Malgré qu’un proverbe commun assure que pauvreté n’est pas vice, le sentiment de manque ou de pénurie peut tirer son origine d’une erreur de compréhension, d’une apathie intérieure ou d’une juste rétribution, un propos qui ne déprécie personne en lui-même. Ce sentiment traduit souvent un manque d’amour de soi, une sécheresse du cœur ou une étroitesse du mental. On est trop porté à attribuer la pauvreté à un manque de justice distributive, soit à une manque d’ouverture du cœur qui amène les mieux nantis, individualistes et égocentriques, à thésauriser, à accumuler et à monopoliser l’argent et les biens.

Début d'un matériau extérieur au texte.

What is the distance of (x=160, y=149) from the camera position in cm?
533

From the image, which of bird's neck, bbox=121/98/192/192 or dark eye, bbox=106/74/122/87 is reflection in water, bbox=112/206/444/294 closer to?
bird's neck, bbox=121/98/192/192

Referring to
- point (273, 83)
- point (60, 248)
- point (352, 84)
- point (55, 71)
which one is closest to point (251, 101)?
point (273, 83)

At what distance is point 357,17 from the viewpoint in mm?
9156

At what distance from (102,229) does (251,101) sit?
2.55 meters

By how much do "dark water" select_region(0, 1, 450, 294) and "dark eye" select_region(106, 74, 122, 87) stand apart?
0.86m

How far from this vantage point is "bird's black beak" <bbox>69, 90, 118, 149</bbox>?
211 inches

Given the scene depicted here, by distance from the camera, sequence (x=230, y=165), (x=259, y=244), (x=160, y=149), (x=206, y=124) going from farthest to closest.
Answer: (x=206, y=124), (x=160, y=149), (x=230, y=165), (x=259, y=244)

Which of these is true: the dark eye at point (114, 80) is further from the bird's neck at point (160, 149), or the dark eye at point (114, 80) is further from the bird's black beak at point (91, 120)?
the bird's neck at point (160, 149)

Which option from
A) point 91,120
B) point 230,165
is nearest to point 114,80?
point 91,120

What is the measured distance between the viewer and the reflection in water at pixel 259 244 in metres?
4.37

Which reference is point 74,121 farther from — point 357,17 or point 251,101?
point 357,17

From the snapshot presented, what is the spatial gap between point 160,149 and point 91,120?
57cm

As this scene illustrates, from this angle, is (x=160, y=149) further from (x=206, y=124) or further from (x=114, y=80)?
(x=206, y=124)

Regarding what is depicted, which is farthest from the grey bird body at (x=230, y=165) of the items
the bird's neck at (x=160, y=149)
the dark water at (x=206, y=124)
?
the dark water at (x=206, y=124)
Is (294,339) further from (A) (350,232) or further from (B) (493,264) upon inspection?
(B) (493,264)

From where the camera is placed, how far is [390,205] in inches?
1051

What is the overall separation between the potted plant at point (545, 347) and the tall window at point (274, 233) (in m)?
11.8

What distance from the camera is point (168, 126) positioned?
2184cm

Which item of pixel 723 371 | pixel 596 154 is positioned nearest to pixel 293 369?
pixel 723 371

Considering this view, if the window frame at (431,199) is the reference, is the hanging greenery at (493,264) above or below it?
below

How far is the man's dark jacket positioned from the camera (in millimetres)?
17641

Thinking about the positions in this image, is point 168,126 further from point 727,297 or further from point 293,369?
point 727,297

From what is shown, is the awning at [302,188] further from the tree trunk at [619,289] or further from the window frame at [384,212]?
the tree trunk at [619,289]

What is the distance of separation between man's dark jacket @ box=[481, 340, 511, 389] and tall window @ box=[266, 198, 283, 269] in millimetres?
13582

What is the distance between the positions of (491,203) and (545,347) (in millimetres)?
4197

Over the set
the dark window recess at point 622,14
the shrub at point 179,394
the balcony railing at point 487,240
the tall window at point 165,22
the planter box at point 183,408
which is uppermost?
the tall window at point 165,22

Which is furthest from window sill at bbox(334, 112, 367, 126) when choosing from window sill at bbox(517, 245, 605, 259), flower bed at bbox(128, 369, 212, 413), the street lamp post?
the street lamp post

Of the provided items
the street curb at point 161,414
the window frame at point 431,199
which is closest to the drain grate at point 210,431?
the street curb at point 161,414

Dans le phénomène de la pauvreté mondiale, il y a de cela, mais il y a bien davantage un manque de compréhension de la dynamique de la vie qui amène à mépriser la créativité personnelle et la prise en charge individuelle. Bien des gens pauvres souffrent d’un atavisme familial qui les amène à se croire purement et simplement les victimes d’un sort injuste, d’où ils ne pourraient rien changer à leur situation. C’est sûrement ce qui explique les expressions défaitistes, peu inspirantes, qu’on a formulé au cours des âges : quand on est né pour un petit pain, on n’est pas né pour un gros; quand on est né valet, on n’est pas roi; chacun doit se résigner à son sort.
Une erreur plus grande que la pauvreté serait de concevoir les riches comme des gens qui ont consacré toutes leurs énergies à l’aspect matériel de l’existence, mais qui n’ont pas fait ce qu’il faut pour s’élever. C’est l’idée parasitaire qui peut hanter le psychisme de certains pauvres qui ignorent que la vie est abondance en elle-même. L’appel à l’évolution n’est pas lancé uniquement au pauvre et il n’est pas facilité aux démunis. De ce fait, on a généralement tort de croire que le pauvre peut gagner son ciel plus facilement que le riche.

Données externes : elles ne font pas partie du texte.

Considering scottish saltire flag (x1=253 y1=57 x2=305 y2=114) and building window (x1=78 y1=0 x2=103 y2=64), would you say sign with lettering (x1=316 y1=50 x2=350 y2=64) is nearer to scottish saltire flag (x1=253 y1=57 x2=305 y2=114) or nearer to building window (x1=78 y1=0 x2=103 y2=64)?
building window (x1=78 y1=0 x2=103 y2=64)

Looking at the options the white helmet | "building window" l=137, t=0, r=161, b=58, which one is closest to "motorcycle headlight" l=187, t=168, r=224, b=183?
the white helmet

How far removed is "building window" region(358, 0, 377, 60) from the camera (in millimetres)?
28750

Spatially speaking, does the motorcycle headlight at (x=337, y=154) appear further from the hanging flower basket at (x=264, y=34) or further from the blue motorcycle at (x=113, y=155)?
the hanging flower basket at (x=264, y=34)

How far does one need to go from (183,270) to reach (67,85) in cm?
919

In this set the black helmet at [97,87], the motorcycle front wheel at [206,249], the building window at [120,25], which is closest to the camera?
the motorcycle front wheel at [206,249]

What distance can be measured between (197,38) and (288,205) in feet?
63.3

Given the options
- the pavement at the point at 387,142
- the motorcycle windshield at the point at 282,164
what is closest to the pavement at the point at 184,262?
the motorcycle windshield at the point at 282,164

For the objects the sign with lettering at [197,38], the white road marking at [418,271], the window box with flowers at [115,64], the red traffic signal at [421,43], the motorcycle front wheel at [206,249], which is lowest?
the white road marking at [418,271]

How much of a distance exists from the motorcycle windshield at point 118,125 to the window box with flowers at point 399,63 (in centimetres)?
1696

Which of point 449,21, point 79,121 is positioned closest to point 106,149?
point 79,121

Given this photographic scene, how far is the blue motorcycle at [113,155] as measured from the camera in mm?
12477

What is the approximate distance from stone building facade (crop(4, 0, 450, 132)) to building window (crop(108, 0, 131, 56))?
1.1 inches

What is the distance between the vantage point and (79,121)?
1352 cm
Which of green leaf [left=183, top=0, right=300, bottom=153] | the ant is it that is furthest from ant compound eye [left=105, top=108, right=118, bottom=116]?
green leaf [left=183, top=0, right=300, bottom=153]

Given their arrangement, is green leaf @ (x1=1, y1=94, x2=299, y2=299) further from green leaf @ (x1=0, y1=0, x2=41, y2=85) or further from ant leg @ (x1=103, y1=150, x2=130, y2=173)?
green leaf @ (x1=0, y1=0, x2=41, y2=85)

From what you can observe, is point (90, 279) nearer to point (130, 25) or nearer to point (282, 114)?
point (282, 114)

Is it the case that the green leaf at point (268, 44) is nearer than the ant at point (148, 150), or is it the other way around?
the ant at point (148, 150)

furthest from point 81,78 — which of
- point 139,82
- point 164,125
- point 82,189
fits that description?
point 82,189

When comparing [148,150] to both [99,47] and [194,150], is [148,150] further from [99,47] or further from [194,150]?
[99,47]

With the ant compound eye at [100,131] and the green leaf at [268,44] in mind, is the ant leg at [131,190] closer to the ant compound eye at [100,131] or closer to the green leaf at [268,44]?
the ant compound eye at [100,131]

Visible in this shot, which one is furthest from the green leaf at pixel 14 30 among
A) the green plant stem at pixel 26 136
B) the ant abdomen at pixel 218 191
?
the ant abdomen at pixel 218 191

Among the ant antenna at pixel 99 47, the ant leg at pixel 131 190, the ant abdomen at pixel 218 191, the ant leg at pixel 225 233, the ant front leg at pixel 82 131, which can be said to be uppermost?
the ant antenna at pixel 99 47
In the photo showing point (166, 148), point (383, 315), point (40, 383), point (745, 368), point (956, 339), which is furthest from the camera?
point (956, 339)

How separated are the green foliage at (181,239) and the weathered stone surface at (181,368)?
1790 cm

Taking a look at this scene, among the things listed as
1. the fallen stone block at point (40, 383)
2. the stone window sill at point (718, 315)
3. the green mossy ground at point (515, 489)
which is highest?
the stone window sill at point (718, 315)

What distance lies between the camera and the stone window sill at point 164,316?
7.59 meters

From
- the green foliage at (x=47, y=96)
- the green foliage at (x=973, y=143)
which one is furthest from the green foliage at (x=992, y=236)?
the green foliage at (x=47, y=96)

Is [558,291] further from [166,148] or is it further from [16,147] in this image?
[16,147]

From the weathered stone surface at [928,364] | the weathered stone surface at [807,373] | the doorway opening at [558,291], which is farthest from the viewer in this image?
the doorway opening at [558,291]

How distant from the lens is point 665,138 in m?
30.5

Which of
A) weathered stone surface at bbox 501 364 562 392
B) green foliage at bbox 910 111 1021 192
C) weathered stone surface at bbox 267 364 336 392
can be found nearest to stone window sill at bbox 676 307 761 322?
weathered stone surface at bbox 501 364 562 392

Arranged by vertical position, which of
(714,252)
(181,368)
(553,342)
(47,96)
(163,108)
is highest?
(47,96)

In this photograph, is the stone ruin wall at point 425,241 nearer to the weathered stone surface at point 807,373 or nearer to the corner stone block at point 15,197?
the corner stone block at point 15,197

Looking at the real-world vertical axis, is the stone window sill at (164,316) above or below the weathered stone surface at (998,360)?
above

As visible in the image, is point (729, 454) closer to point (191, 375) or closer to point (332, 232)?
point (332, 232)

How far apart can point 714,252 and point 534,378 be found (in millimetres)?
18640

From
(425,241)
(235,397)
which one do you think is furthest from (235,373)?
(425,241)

Tout est question de perspective : en elle-même, la richesse n’est ni un idéal ni une tare. La pauvreté non plus. Conformément à la loi du libre arbitre, il appartient à chacun de faire ses choix. Comme la richesse, la pauvreté, considérée en elle-même, n’élève ni n’abaisse. Mais la richesse, qui ne résulte pas toujours de l’exploitation éhontée d’autrui et de la Nature, ne peut être le résultat d’une récompense ni d’un décret cosmiques, bien qu’elle puisse s’expliquer par un codage antérieur à l’incarnation. Mais celui qui se serait codé une expérience de pénurie, comme leçon de vie, ne pourrait qu’avoir codé la nécessité de s’en tirer le plus rapidement qu’il lui serait possible.

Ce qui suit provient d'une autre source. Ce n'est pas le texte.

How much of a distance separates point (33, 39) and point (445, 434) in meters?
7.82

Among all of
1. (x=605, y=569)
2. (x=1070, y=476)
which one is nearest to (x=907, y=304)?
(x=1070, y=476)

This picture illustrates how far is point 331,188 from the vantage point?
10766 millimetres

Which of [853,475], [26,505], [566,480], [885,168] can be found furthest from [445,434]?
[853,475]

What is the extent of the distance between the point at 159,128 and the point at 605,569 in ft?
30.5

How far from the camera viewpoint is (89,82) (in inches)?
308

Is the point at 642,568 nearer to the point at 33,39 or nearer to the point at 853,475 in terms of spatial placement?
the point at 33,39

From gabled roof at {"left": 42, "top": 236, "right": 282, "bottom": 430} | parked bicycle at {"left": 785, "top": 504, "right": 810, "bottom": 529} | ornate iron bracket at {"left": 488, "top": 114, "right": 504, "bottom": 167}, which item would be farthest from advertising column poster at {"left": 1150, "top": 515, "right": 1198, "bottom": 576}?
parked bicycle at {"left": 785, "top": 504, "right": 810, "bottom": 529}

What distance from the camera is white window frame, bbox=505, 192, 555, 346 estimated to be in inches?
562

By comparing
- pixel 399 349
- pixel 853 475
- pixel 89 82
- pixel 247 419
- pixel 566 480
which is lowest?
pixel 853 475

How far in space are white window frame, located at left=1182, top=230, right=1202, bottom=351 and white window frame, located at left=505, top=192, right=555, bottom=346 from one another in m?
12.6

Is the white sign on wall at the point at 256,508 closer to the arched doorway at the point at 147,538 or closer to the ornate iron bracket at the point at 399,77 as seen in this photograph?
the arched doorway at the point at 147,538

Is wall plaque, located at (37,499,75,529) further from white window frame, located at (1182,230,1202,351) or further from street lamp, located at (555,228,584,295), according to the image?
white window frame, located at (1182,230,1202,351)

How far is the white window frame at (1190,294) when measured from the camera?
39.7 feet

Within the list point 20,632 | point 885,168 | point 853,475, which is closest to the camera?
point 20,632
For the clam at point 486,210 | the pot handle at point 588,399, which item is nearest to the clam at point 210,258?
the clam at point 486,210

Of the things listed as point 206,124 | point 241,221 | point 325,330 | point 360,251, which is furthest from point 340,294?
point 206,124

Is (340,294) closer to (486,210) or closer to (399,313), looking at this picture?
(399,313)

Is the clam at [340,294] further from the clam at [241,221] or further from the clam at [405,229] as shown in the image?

Quoi qu’il en soit, le riche et le pauvre ont droit à la lumière, bien que leurs défis soient différents. Dans la vie, tout est question de quête d’équilibre et d’harmonie : le pauvre doit apprendre à se libérer de ses limites, tandis que le riche doit veiller à partager amoureusement ses biens; le malade doit veiller à comprendre le sens de ses difficultés et les appliquer pour guérir, tandis qu’il permet au médecin d’exercer sa compétence et de l’améliorer; l’employé ou le manœuvre doit apprendre à bien servir un plan d’affaires ou une communauté d’intention et à s’élever dans l’échelle des responsabilités, tandis que le patron doit apprendre à faire un bon usage du pouvoir, notamment en respectant les collaborateurs de sa prospérité. Tout est question de jeu de rôle pour permettre la diversité des expériences. Ce qui n’invite pas à se cantonner dans le rôle le plus difficile par sa résignation à son destin.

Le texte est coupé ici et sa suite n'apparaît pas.